We have just passed the first aniversary of the rover Spirit's landing on Mars. Spirit and its twin Opportunity were designed to function for 90 days; yet both are still going strong, with no end in sight. I am particularly happy with the tremendous success of the Mars '04 mission, since a member of my family was on the Jet Propulsion Laboratory team that worked the mission. In fact, he played a big part in finding and correcting the memory bug that threatened to derail the mission in its first few weeks. But enough kvelling…
My support for JPL may seem odd, given that in many ways I tend toward Libertarianism. How can I reconcile my general views of small government and free-market capitalism, with a government-sponsored organization that uses our tax-dollars (well, your tax-dollars, unfortunately) to fund costly projects which boil down to taking machinery worth hundreds of millions of dollars, and shooting it up into space on rockets?

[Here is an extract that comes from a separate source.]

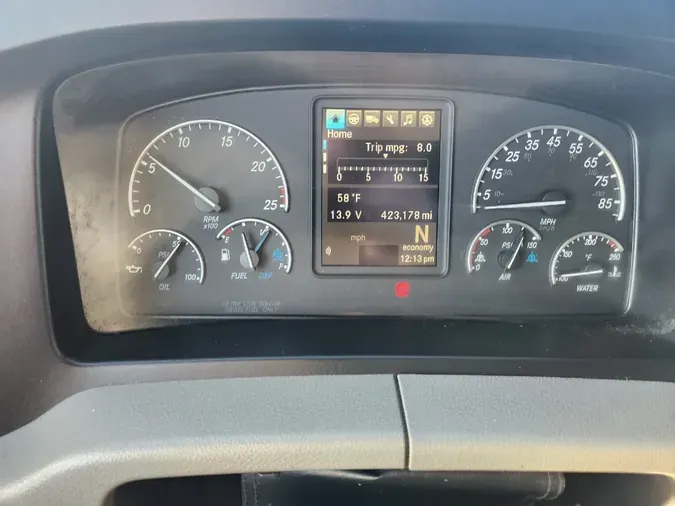 2021 FREIGHTLINER Cascadia 1263156e996ea11323281e8a842f40ab594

To be honest, this specific program is relatively easy to defend. JPL is proud to say that it is the only branch of NASA that pays for itself, by means of joint projects with commercial businesses which generate a lot of money for the economy. But that avoids the real issue. The real issue is that governments have certain capabilities that private companies lack, which allow them to do things that most businesses cannot do.

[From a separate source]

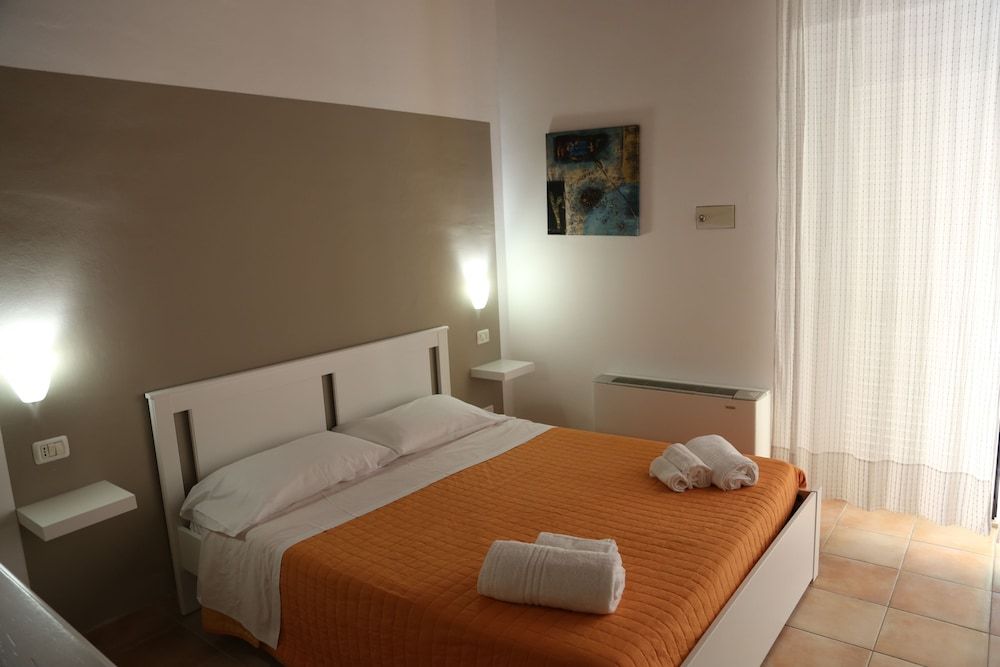Studio, 1 Bedroom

Because governments have access to vast resources and wealth (collected from the people, to be sure), they can bring together talent and skill that would dwarf anything the private-sector can do. Consider the Manhattan Project, the greatest collection of physicists and engineers that the world had ever seen.
Governments have no need to return a profit, which is usually a bad thing, but it also allows them to take on tasks that would provide immeasurable benefits to the state, but would return no profits in any conceivable timeframe. Virtually all roads, highways, and sewers in the world are built by governments; the few privately-owned roads that exist would be useless without the massive network of public roads connected to it. The many research-programs run by the government, such as DARPA or the space-program, have all thrown off innovations which have revolutionized society. The Internet was created by DARPA. The first computers were built to count the U.S. census. Miniature computer-chips were first developed for the NASA space-missions. GPS was developed for the military.
What we are seeing now with the sudden emergence of private sub-orbital craft, such as Burt Rutan's "Space Ship One," is analogous to the beginnings of the airplane industry. But it is worth remembering that the first party to show interest in the Wright Brothers' creation was the United States military. Similarly, NASA needed to demonstrate that space-flight was possible before any private parties could even consider investing the massive sums and taking the significant risks that space-flight requires.
Essentially, what I believe is that governments should only be involved in a particular activity if they can do it better than private industry, for inherent structural reasons. Long-range research or large-scale endeavors without an obvious commercial payoff seem to be part of those activities. (The only similar project in the private sector that I can think of is Bell Labs, formerly owned by AT&T; since they were spun off with Lucent, the direction of their research was ruthlessly redirected into projects with immediate commercial applications, and the world was dimmed thereby.)
Besides, it would take a truly unimaginative libertarian to decry the space program as being out of the proper purview of government. Granted, such idiocies as the International Space Station deserve to be mothballed; but there will come a day in the not-so-distant future when mankind shall set foot on Mars; and that day is immeasurably closer on account of government funding. Or rather, on account of the collective will and ingenuity of the American people, united behind a dream of exploring the stars. There is poetry in that.
1 comment:
Might as well just say that it was your dad... jeez... what sort of credit is that to give to the man who is the co-creator of your own person, hehe.